Kegelisahan Kiai Asep
“Cabang-cabang dan ranting berguguran, akar rumput pun mengering, kata pengasuh Pondok Pesantren Amanatul Ummah,” Mojokerto Prof Dr KH Asep Saifuddin Chalim, MA (Kiai Asep) dalam musyawarah bersama Ketua PWNU dari wilayah Indonesia Timur di Guest House Institute KH Abdul Chalim Pacet, Mojokerto, 13 Desember lalu.
Kiai Asep gelisah karena Muktamar ke-34 NU di Lampung dikotori jual beli suara oleh Katib Suriyah PBNU KH Yahya Cholil Staquf (Gus Yahya). Informasi dari Ketua PWNU Aceh Teungku Faisal Ali yang hadir pada musyawarah tersebut, para Ketua PCNU di Aceh diberi DP Rp 100 juta dan jika Gus Yahya menang ditambah Rp 150 juta.
Informasi itu sama dengan siaran pers disampaikan Ketua Presidium Barisan Nahdliyin Nusantara (BNNU) Sudarsono pada 9 Desember lalu berdasar percakapan WA Sekretaris PWNU Jatim Prof Akhmad Muzakki kepada para Ketua PCNU Kabupaten/Kota se-Jatim.

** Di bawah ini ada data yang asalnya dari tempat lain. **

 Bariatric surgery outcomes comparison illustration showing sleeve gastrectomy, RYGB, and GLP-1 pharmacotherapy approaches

Kiai Asep juga menyampaikan bahwa di belakang Gus Yahya ada kekuatan Yahudi. Informasi dari seorang mantan pengurus PBNU, jika Gus Dur hanya bermain dengan Yahudi di luar lingkaran, Gus Yahya bermain dalam lingkaran. Jadi, meskipun dianggap kader terbaik Gus Dur, Gus Yahya bukan representasi Gus Dur.

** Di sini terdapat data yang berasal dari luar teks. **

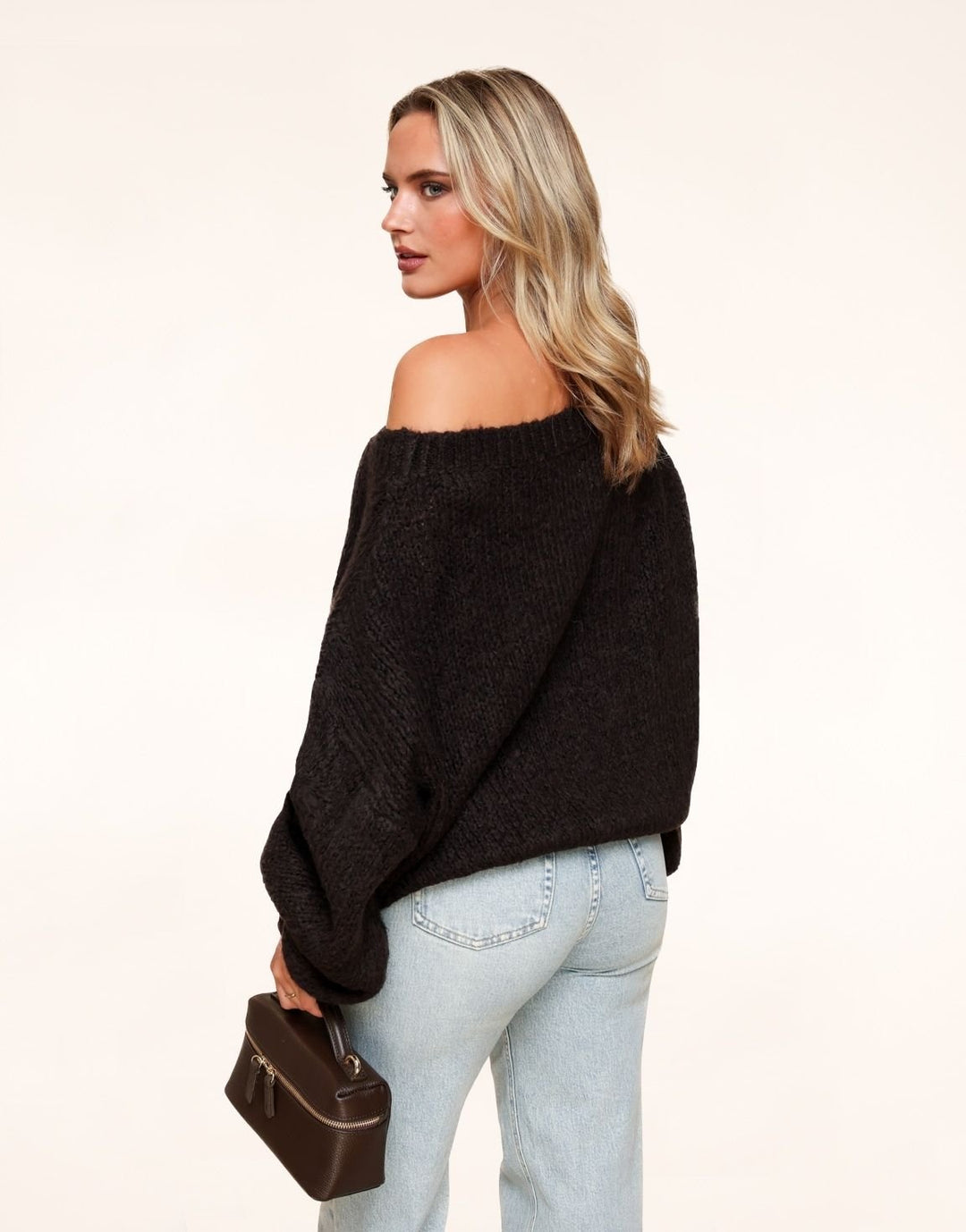 Dark Brown Knitted Wool Off-Shoulder Sweater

Agar dapat memahami kegelisahan Kiai Asep, kita harus membaca atmosfer yang melingkupi pelaksanaan Muktamar Lampung. Sebagai petahana yang telah memiliki jaringan patronase luas, KH Said Aqil Siradj (Kiai SAS) tentu ingin mempertahankan kedudukannya.
Pada pertengahan November lalu penulis mendapat informasi dari senior di PW LP Maarif Jatim, bahwa Kiai SAS menawarkan pembangunan perguruan tinggi kepada salah satu PWNU di Sumatera. Tidak salah jika dianggap tawaran itu merupakan proyeksi menuju kontestasi 2024 karena Kiai SAS memiliki tokoh tandem, seperti Ketua Umum DPP Partai Perindo Hary Tanoe Soedibyo dan Ketua Umum DPP Partai Hanura Oesman Sapta Odang.
Selain Gus Yahya dan Kiai SAS, dalam konstelasi Muktamar Lampung juga terdapat Ketua DPP PKB Muhaimin Iskandar, Sang Hyang Wisnu bagi para pendekar NU yang mengais rejeki melalui ladang politik. Selain ingin mempertahankan singgasananya, Muhaimin juga ingin menyelamatkan diri dari kasus-kasus korupsi yang menjerat dirinya.
Dari luar konstelasi juga terdapat tekanan gejolak hasrat kader-kader yang sudah lama mengincar jabatan-jabatan rektor, dirjen, sekjen, irjen, sespri, jubir, ketua partai, dan lain-lain yang keberadaannya tidak boleh dianggap sebagai aksesoris.
Untuk menjaga pelaksanaan muktamar agar menjunjung tinggi akhlakul karimah, Panitia Muktamar NU membentuk Majelis Tahkim (Dewan Etik) terdiri atas 11 ulama sepuh. Akan tetapi, perkiraan penulis, majelis ini akan menjadi powerless karena diketuai KH Maruf Amin, Rais Aam PBNU hasil Muktamar Jombang yang memilih putar haluan karena tergiur jabatan politik. Bersama Kiai SAS dan KH Miftahul Akhyar, KH Maruf Amin telah mengubah Khittah NU 1926 menjadi Khittah Mutaghayyirah, sehingga status garis perjuangan NU berubah menjadi jengki, kemudian NU dijadikan kendaraan politik.
Jika para kiai yang terpilih sebagai Ahlul halli wal aqdi (Ahwa) tidak bisa bersikap tegas dan menafikan berbagai pelanggaran seperti terjadi dalam Muktamar Jombang, Muktamar Lampung akan menghasilkan kepengurusan tidak berkualitas. Yang lebih memprihatinkan, para peserta muktamar akan kembali ke daerah masing-masing dengan membawa syahwat berkat dan akan menjadikan warga NU sebagai komoditas politik.
Jika demikian, cabang dan ranting tidak hanya berguguran, tetapi bertumbangan; akar rumput pun tidak hanya mengering, tetapi terbakar.